With the pictures left out, restate every entry word for word.

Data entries
● ● ●

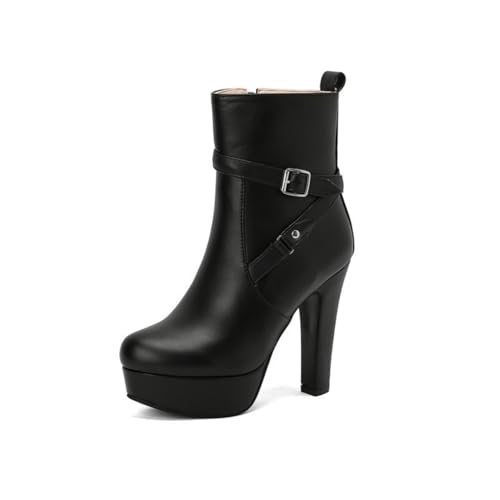 FQMAYPO Damen Stiefeletten Rundem Zehen Modische High Heel Winterstiefel Schnalle Breite Passform Biker Seitenreißverschluss Plattform Booties Blockabsatz Winter wasserdichte,Schwarz,39 EU von FQMAYPO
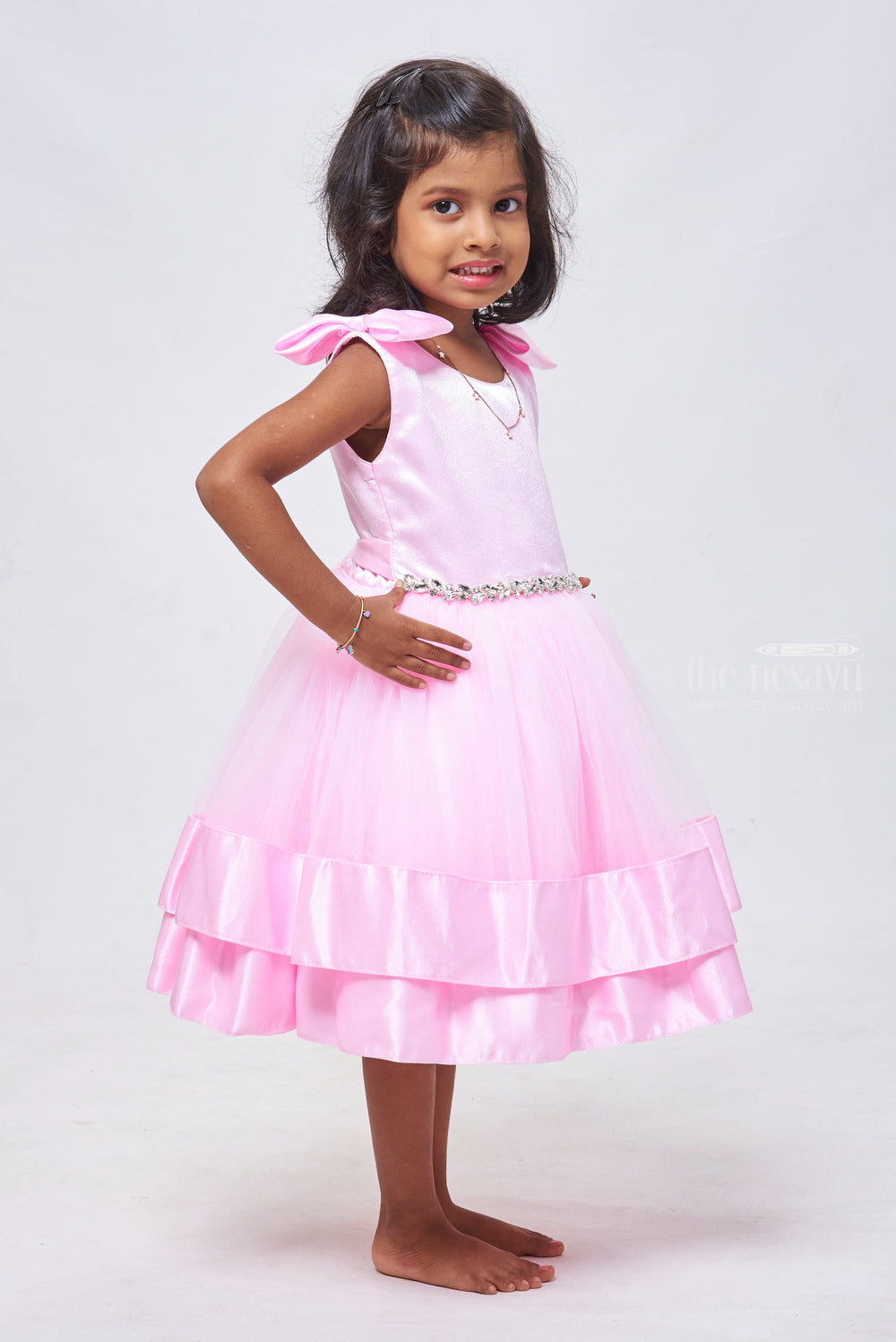 The Nesavu Girls Tutu Frock Blush Beauty: Dual-Layered Net Party Frock with Graceful Bow Applique Nesavu Elegant Birthday Dress for One-Year-Old | Stylish Party Frocks for Girls | The Nesavu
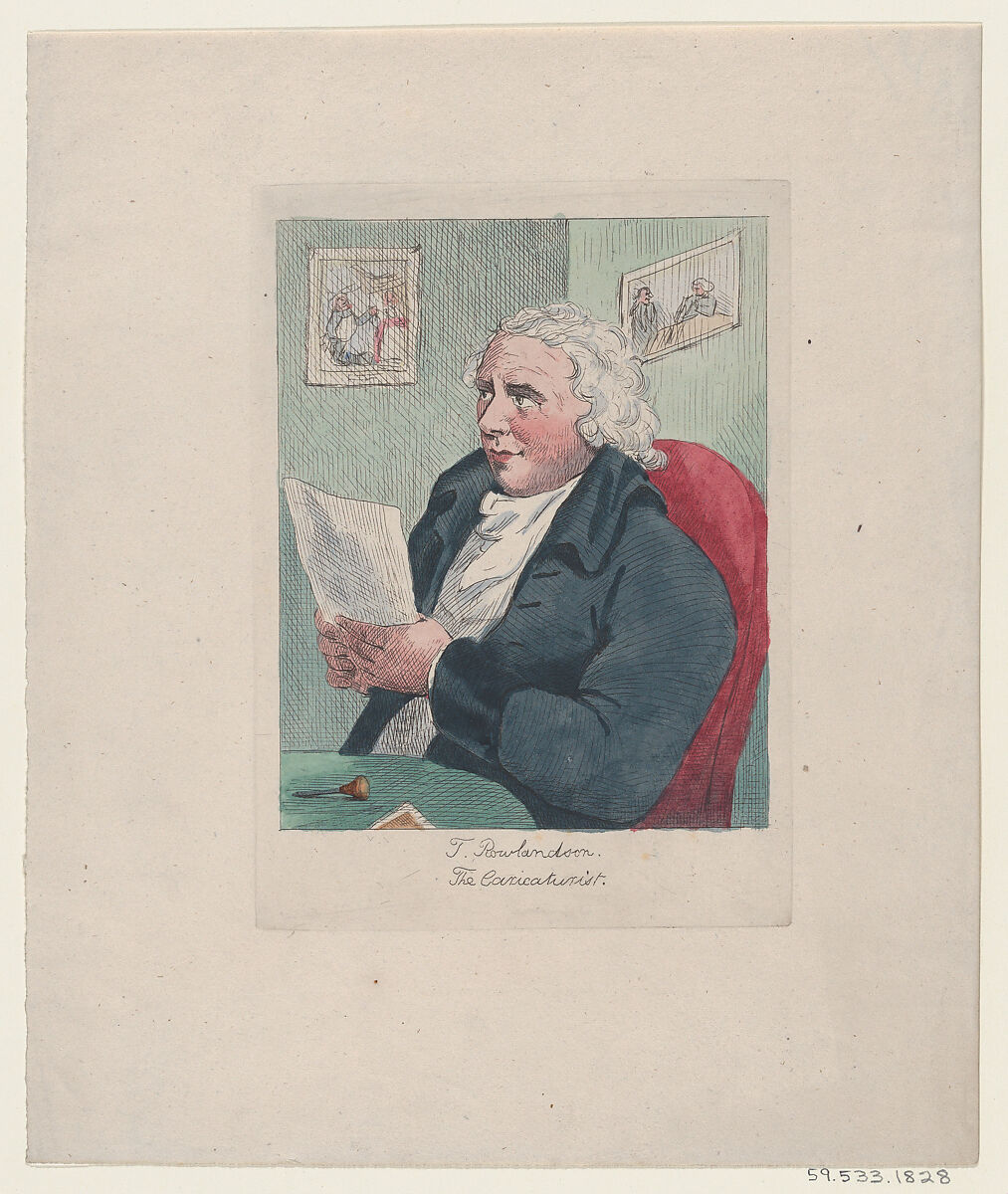 T. Rowlandson. The Caricaturist, Anonymous, British, 19th century, Facsimile of an etching, hand-colored 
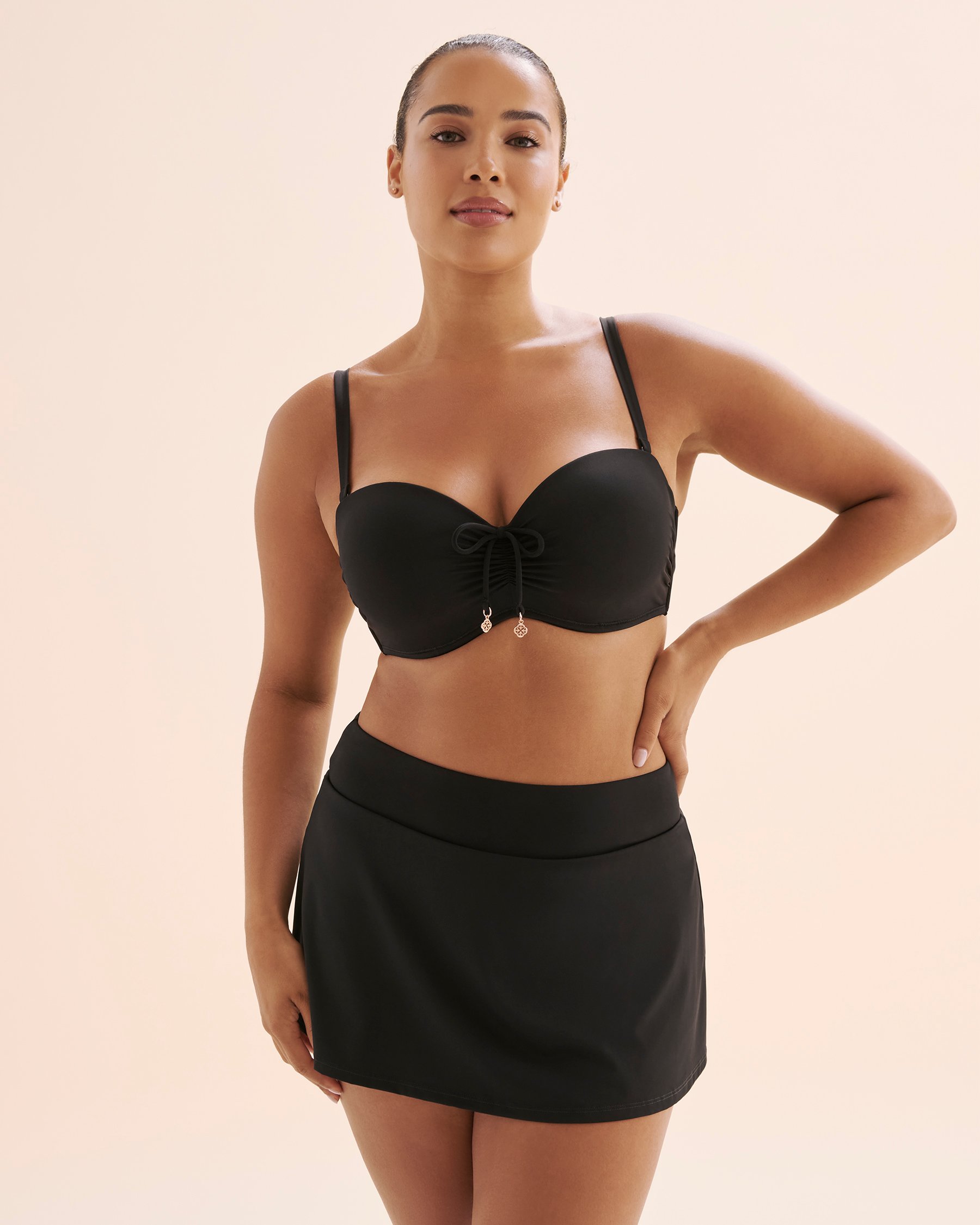 TURQUOISE COUTURE D Cup Front Tie Bandeau Bikini Top Black 01200112 TURQUOISE COUTURE D Cup Front Tie Bandeau Bikini Top Black 01200112 - View1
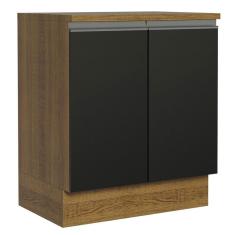 Balcão de Cozinha Madesa Glamy 70cm 2 Portas Preto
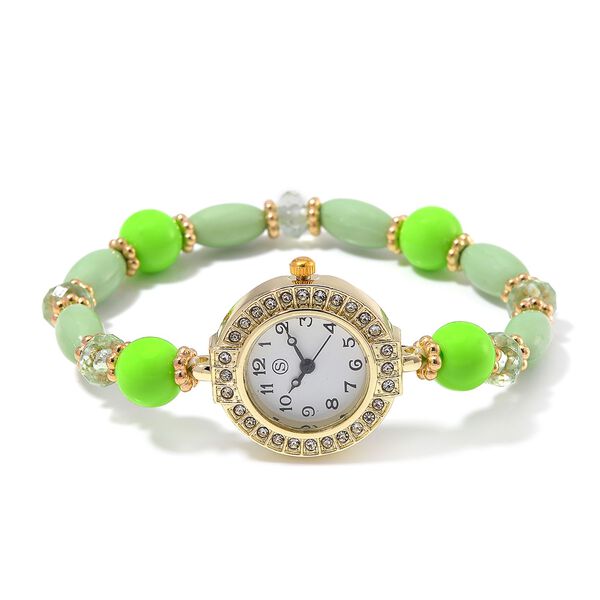 4er Set STRADA - Uhr mit Grün Kristall Armbänder image number 2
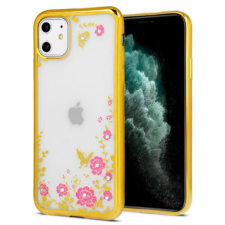 Apple iPhone 13, Szilikon tok, Virágos, arany tok és táska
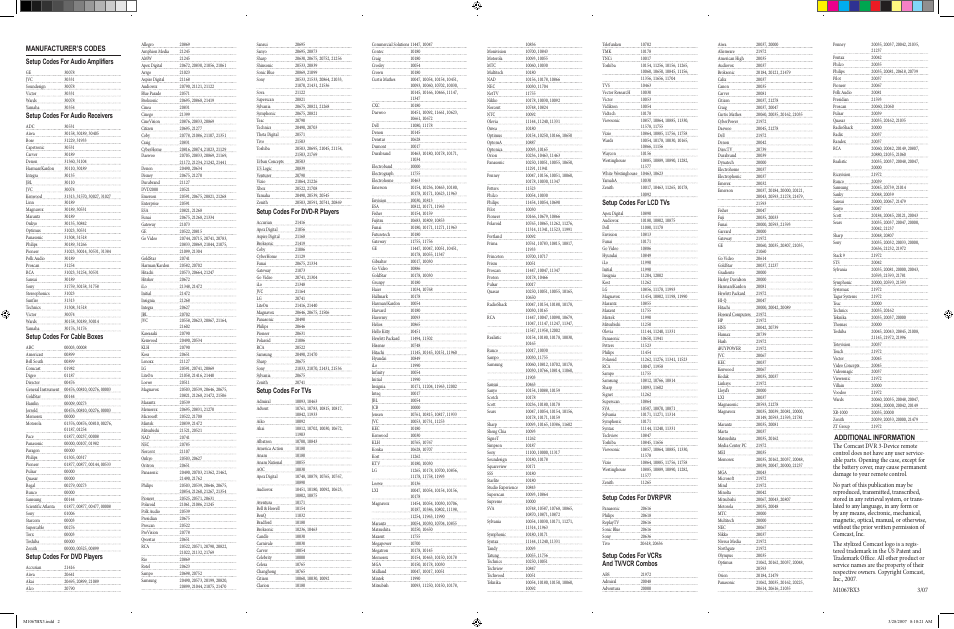 Fold, Setup codes for audio receivers, Setup codes for cable boxes | Setup codes for dvd players, Setup codes for dvd-r players, Setup codes for tvs, Setup codes for lcd tvs, Setup codes for dvr/pvr, Setup codes for vcrs and tv/vcr combos, Additional information | Comcast M1067BX3 User Manual | Page 2 / 2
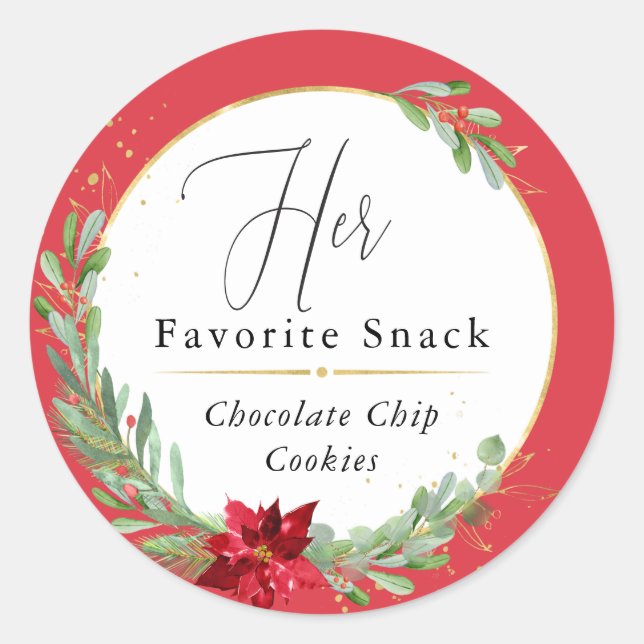 Her Favourite Snack Christmas Wedding Favour Classic Round Sticker (Front)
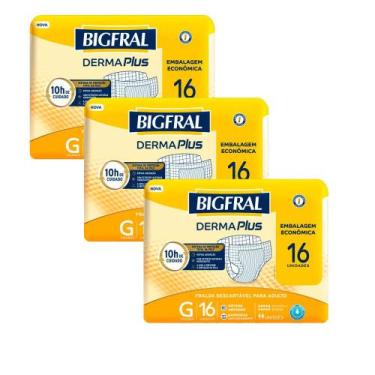 Imagem de Kit 3 Fralda Geriátrica Bigfral Derma Plus Prática G 16 Unidades cada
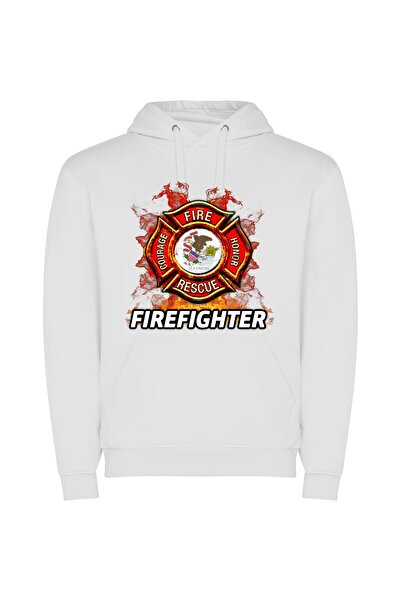 iLovePrints Fierce Chicago Fire Emblem Φούτερ με κουκούλα σε χρώμα Λευκό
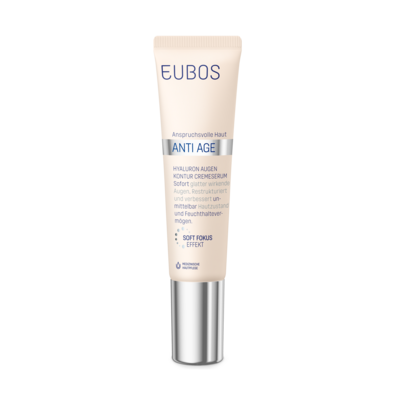 Sie sehen eine Packung Eubos Anti Age Hyaluron Augen Kontur Serum 15ml, Produktbild: 01 Eubos Anti Age Hyaluron Augen Kontur Serum 15ml, A-Nr.: 4006896 - 01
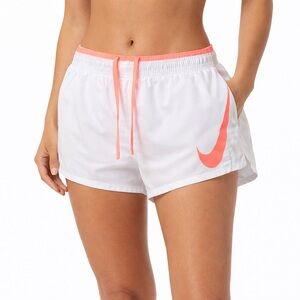 Nike Dri-Fit Swoosh Running Shorts White & Orange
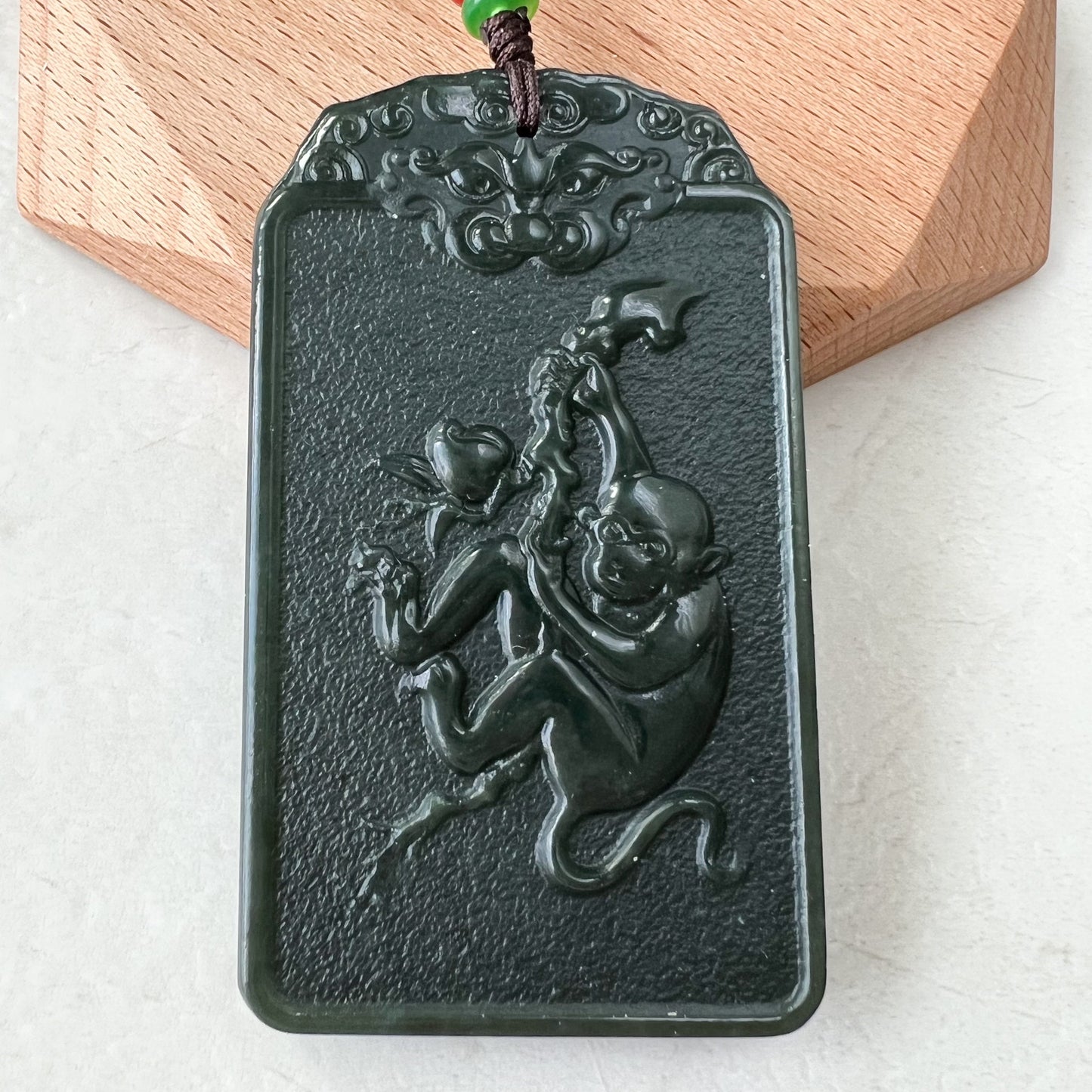 Nephrite Jade Vairocana Buddha, Da Ri Ru Lai, Đại Nhật Như La, Dark Green Carved Jade Monkey Buddha Pendant Necklace, RM-1221-1649778220 - AriaDesignCollection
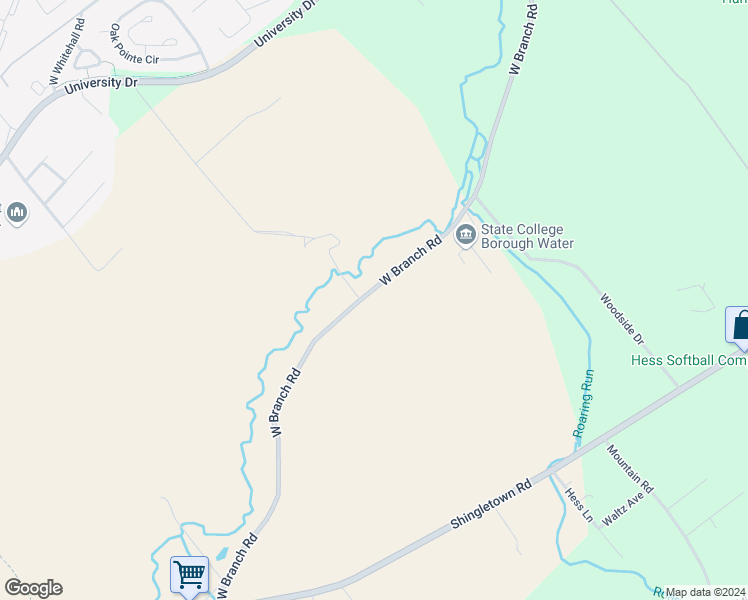 map of restaurants, bars, coffee shops, grocery stores, and more near 1581 West Branch Road in State College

● ● ●

### RESULT OF THIS TASK
 FQMAYPO Damen Stiefeletten Rundem Zehen Modische High Heel Winterstiefel Schnalle Breite Passform Biker Seitenreißverschluss Plattform Booties Blockabsatz Winter wasserdichte,Schwarz,39 EU von FQMAYPO
 The Nesavu Girls Tutu Frock Blush Beauty: Dual-Layered Net Party Frock with Graceful Bow Applique Nesavu Elegant Birthday Dress for One-Year-Old | Stylish Party Frocks for Girls | The Nesavu
 T. Rowlandson. The Caricaturist, Anonymous, British, 19th century, Facsimile of an etching, hand-colored 
 TURQUOISE COUTURE D Cup Front Tie Bandeau Bikini Top Black 01200112 TURQUOISE COUTURE D Cup Front Tie Bandeau Bikini Top Black 01200112 - View1
 Balcão de Cozinha Madesa Glamy 70cm 2 Portas Preto
 4er Set STRADA - Uhr mit Grün Kristall Armbänder image number 2
 Apple iPhone 13, Szilikon tok, Virágos, arany tok és táska
 Fold, Setup codes for audio receivers, Setup codes for cable boxes | Setup codes for dvd players, Setup codes for dvd-r players, Setup codes for tvs, Setup codes for lcd tvs, Setup codes for dvr/pvr, Setup codes for vcrs and tv/vcr combos, Additional information | Comcast M1067BX3 User Manual | Page 2 / 2
 Her Favourite Snack Christmas Wedding Favour Classic Round Sticker (Front)
 Imagem de Kit 3 Fralda Geriátrica Bigfral Derma Plus Prática G 16 Unidades cada
 iLovePrints Fierce Chicago Fire Emblem Φούτερ με κουκούλα σε χρώμα Λευκό
 Sie sehen eine Packung Eubos Anti Age Hyaluron Augen Kontur Serum 15ml, Produktbild: 01 Eubos Anti Age Hyaluron Augen Kontur Serum 15ml, A-Nr.: 4006896 - 01
 Nike Dri-Fit Swoosh Running Shorts White & Orange
 Nephrite Jade Vairocana Buddha, Da Ri Ru Lai, Đại Nhật Như La, Dark Green Carved Jade Monkey Buddha Pendant Necklace, RM-1221-1649778220 - AriaDesignCollection
 map of restaurants, bars, coffee shops, grocery stores, and more near 1581 West Branch Road in State College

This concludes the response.